Tras casi una hora de espera vuelve la camilla escoltada por la médico y la enfermera. ¿Qué tal? pregunto. Pero Mara, pálida, exangüe, con la mirada perdida, no contesta. La médico responde por ella tras unos segundos. Está bien, algo emocional ahora mismo por la anestesia, pero en el quirófano todo ha ido estupendamente. Emocional, claro, digo yo, mientras veo aliviado que Mara solloza, respira. Emocional por la anestesia. Y no me sale en holandés decirle a la médico que no te jode, que a ver quién es el guapo que no, y que si sólo es eso pues mira tú qué bien, que emocional también estoy yo y eso que no he parido, aquí aguantándome las ganas de que mi mujer volviese de una puta vez para poder llorar juntos como es debido, cagarme en cuanto protocolo se ha escrito jamás, con ganas repentinas de beber con medio mundo, empezando por emborracharme con Sanne la comadrona y agradecerle su saber hacer, y a la vez sin querer nada, ninguna droga o comida, ni tabaco ni agua, para poder estar plenamente consciente de la presencia olorosa de Loïc, así que le digo alguna otra cosa que no es exactamente eso pero que se le parece, mientras por fin puedo poner a Loïc sobre Mara, que ha vuelto en sí de repente, débil y viva, y abrazarlos a la vez, amores míos tan dulces. Pero no lloro.
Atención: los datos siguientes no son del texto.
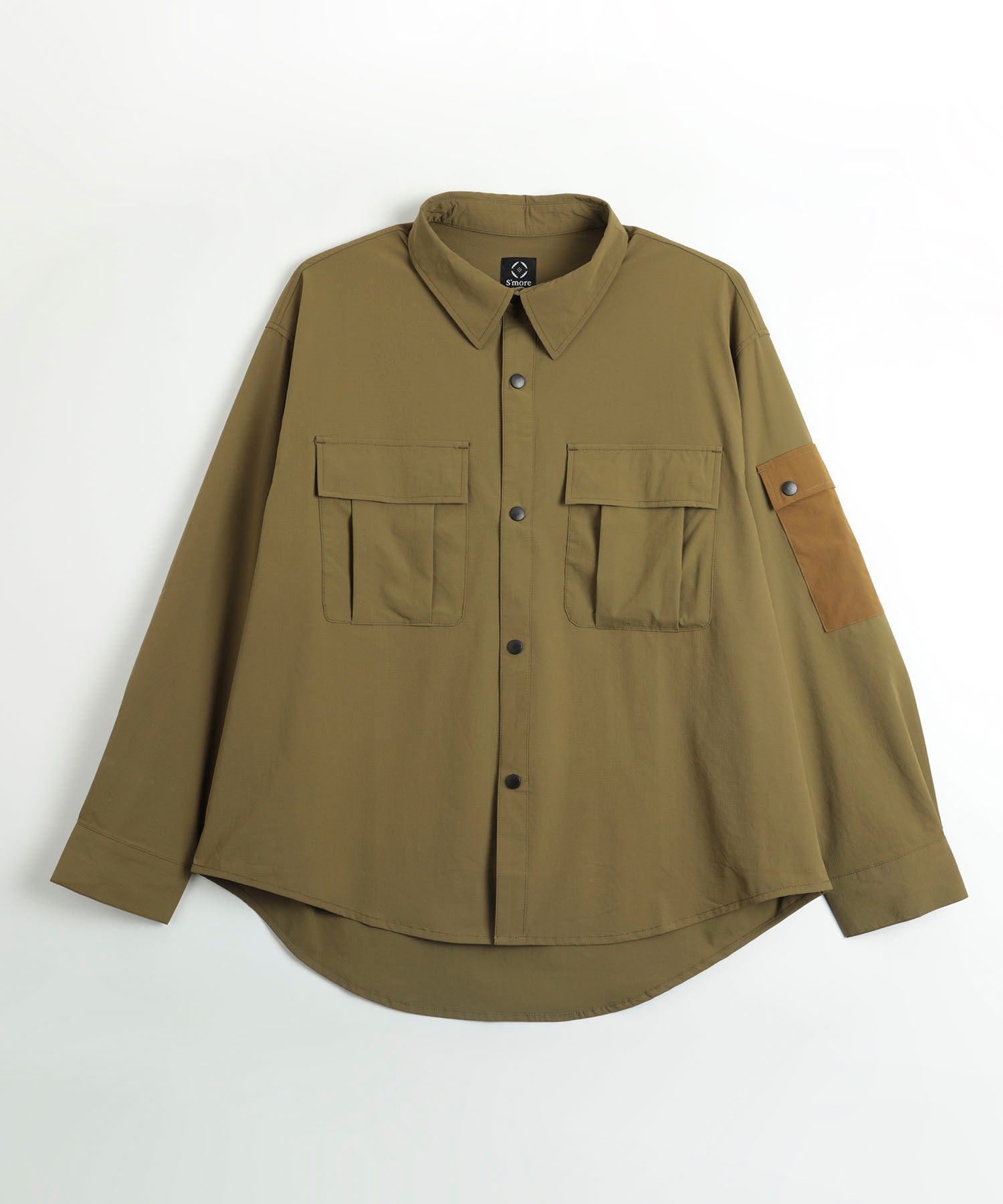 【outdoorsale20％OFF 8.1-8.31絶賛開催】Anti-static pocket shirt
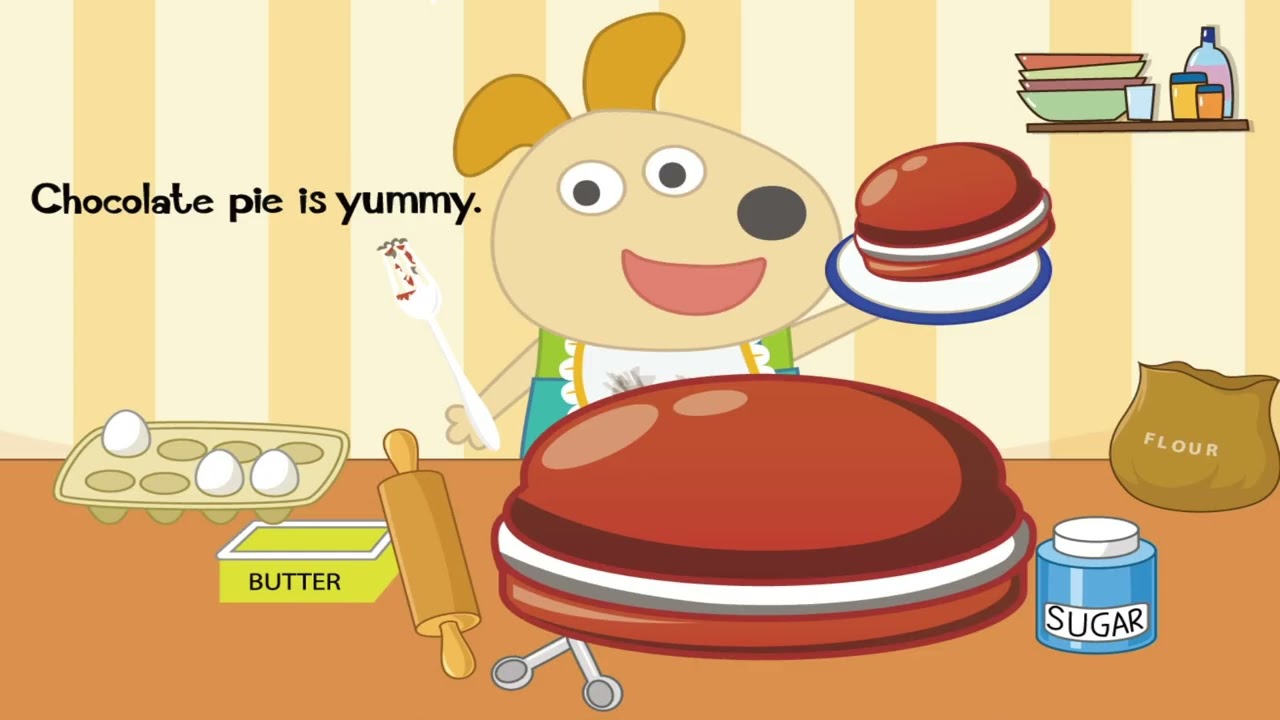[키즈랩에듀] level 1 Story 1 with kiki Yummy! Yucky!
Tardé dos días. El viernes por la noche Iago dijo algo, hizo un gesto, gimió quizá en sus juegos, y yo me proyecté en él, y tuve que esconderme en el rincón tras la mesa del comedor, caer en cuclillas, y llorarlo todo. Llorar rápido e intenso, para soltar lo más posible antes de que tenga que volver con Iago, a jugar como si no pasase nada, como si estas cosas me sucediesen todos los días. A llorar con la boca retorcida, sin respirar, sin hacer ruido, apretando todos los músculos como si me exprimiese cual naranja, todo afuera, todo, para que sólo quede lo otro, lo que se deja reposar con calma, y lo que alegra, y lo que hace reír, y brindar, y vivir.